私が全国の経営者さんにお伝えしているのは、「2週間で3つだけ実行する」というルールです。これを継続すれば1ヶ月6つ、年間72の打ち手になります。日本の飲食店経営者で年間72の販促改善をやっている人はほぼいません。3つ動くだけで、十分に頭ひとつ抜け出せます。
今週からすぐ動けるものを3つ選ぶとすれば、こうなります。
- 店前看板に「美味しそうな写真」と「その場で使えるひとこと」を追加する
プリンターで印刷したA4サイズのもので構いません。「今日の一品、鶏白湯スープ煮込み550円」でいい。看板の情報を月1回更新するだけで、常連客の興味を引き続けられます。 - Googleビジネスプロフィールに今月の写真を3枚アップする
料理の写真、店内の雰囲気、おすすめメニューの1枚。これだけで検索結果での見え方が変わります。 - メニュー表の1品だけ、説明文を「ご利益中心」に書き換える
全部変える必要はありません。看板メニュー1品だけ。「○○産の食材を使用」ではなく「○○さんが△年間手塩にかけた○○農場から直送」のような形です。
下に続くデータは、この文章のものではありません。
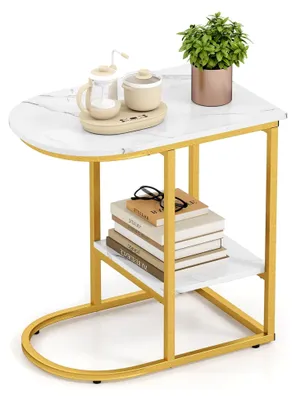Produktbild von Beistelltisch Marmor Gold, C-förmiger Couchtisch mit 2 Ebenen, moderner Kaffeetisch, Nachttisch mit goldenem Metallrahmen, für Wohnzimmer und Schlafzimmer 60 x 40 x 60 cm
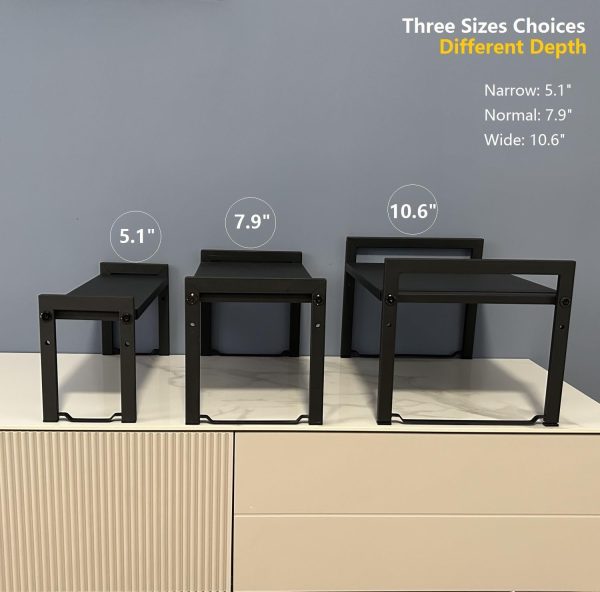 Expandable Cabinet Shelf Organizer 16-26" L Stackable Kitchen Counter Shelf Rack Sink Riser Countertop Storage Black (Normal 7.9”D) - Image 6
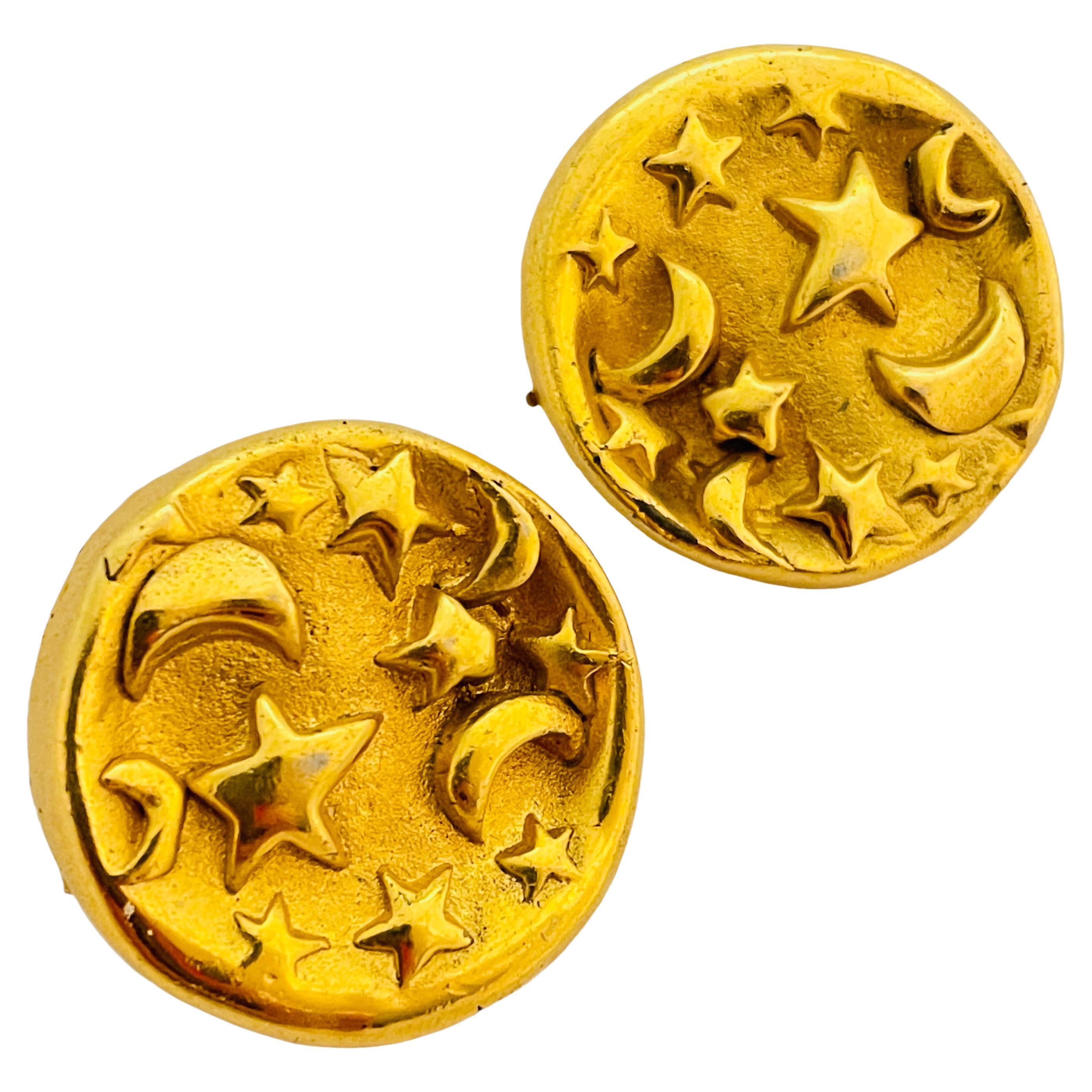 Vintage matte gold moon stars designer runway clip on earrings For Sale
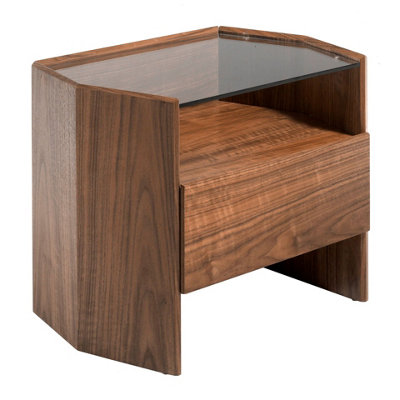 B&Q -  Elegant Walnut Bedside Table With Glass Top For Modern Bedrooms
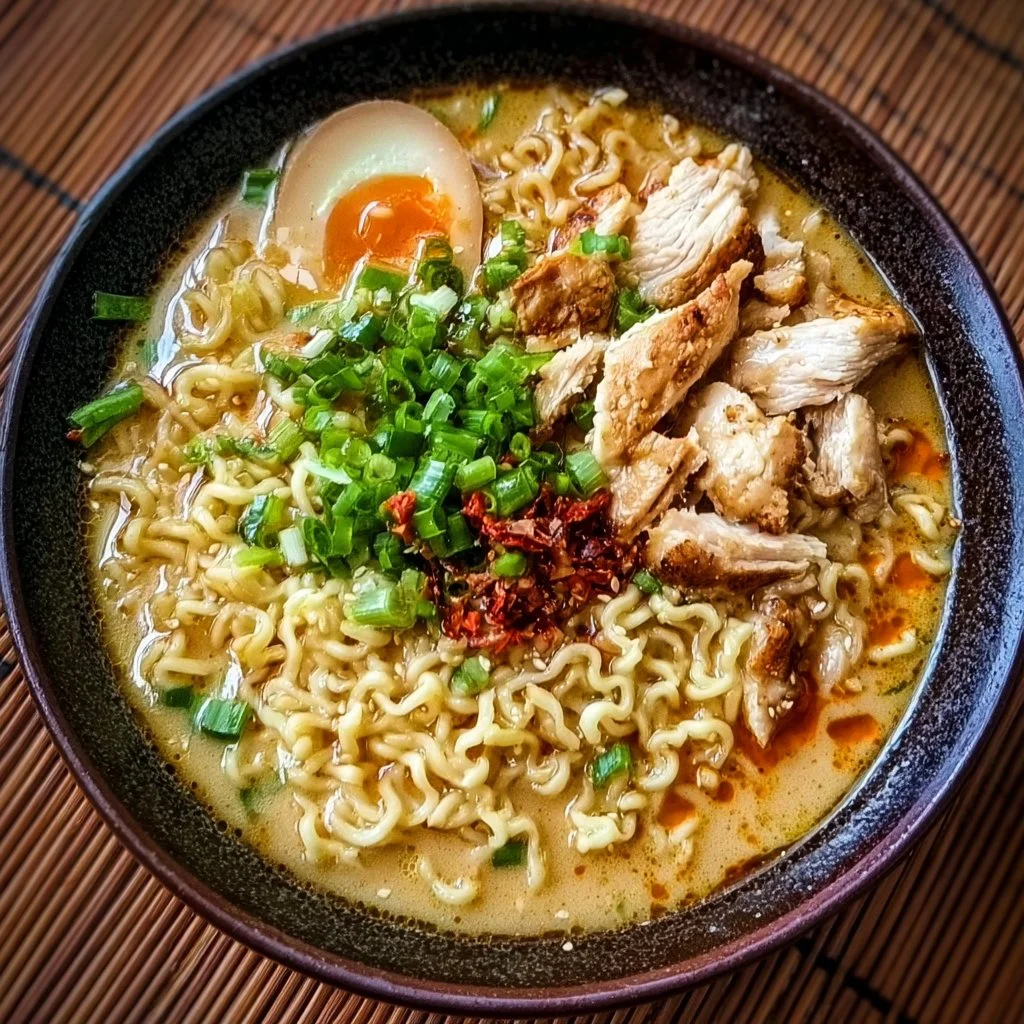 Bowl of creamy garlic chicken ramen topped with fresh herbs and ingredients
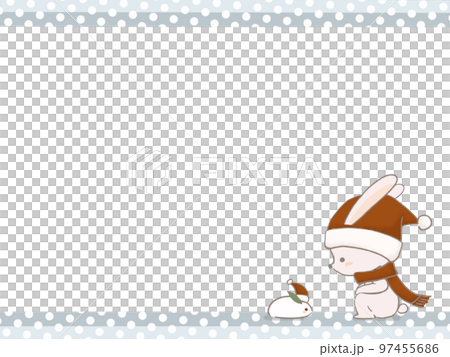 雪ウサギを見るウサギのフレームテンプレート　線あり 97455686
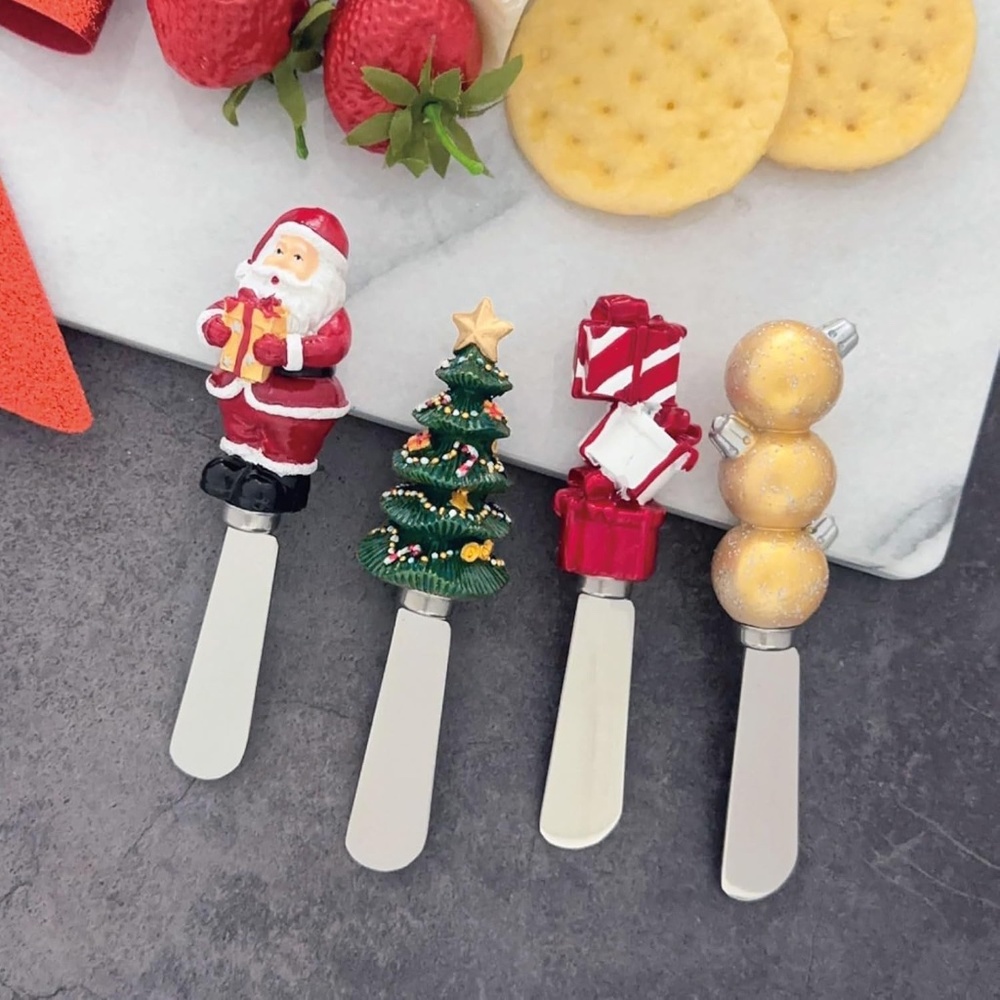 Christmas Decor 4-Piece Hand Painted Resin Handle with Stainless Steel Blade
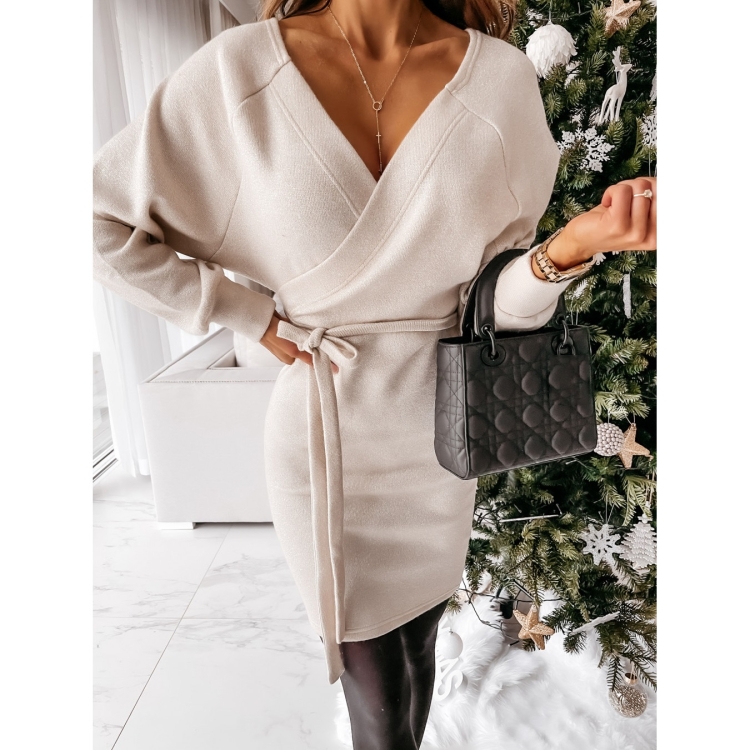 

V-neck Waistless Knit Dress (Color:Beige Size:S)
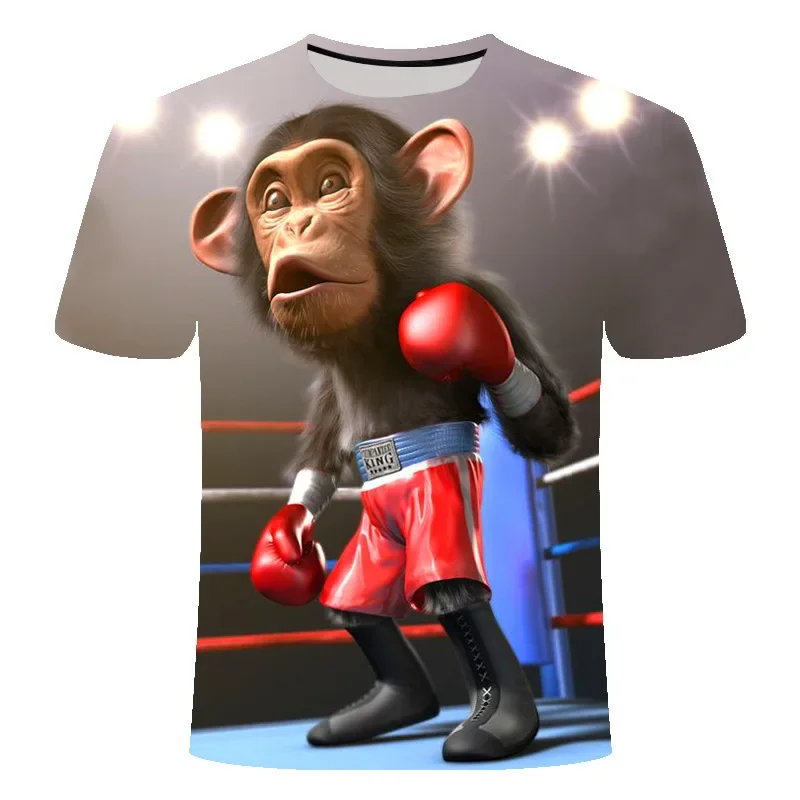 3D Print Men\'s T-shirt Funny Monkey Casual Animal New T Shirts for Men Oversized Prints Short Sleeve Y2k Tops Hip Hop Streetwear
3つに絞るのは、10個出して全部中途半端に終わるより、3つをちゃんとやりきる方が結果が出るからです。質より量でバットを振る。10回中3つ当たれば上出来です。
まとめ:客が来ない原因は「料理の外側」にある
飲食店に客が来ない原因を整理すると、シンプルです。
- 知られていない → 店前看板・照明・Googleマップで解決
- 入りにくい → 外からの情報量を増やして「初めての人が入れる状態」を作る
- 入る理由がない → 値引きではなく「ご利益中心のネーミング」で価値を伝える
この3つのどこに今の自店の穴があるかを特定して、そこだけに集中してください。全部一気にやろうとすると動けなくなります。
月商130万円から230万円に成長した焼き鳥店も、前年比151万円増のパスタ店も、最初にやったことはシンプルな3つの打ち手でした。特別な才能や大きな予算は必要ありません。「正しい方向に動く」かどうか、それだけです。
私が静岡市清水区を拠点に20年間伝え続けてきたのは、「がんばらない繁盛」という考え方です。広告費と労力を最小限に、お店の魅力をちゃんと伝えてファンを育てる。値引きではなく価値で選ばれる。これを一つひとつ積み上げた店だけが、時代が変わっても長く繁盛し続けます。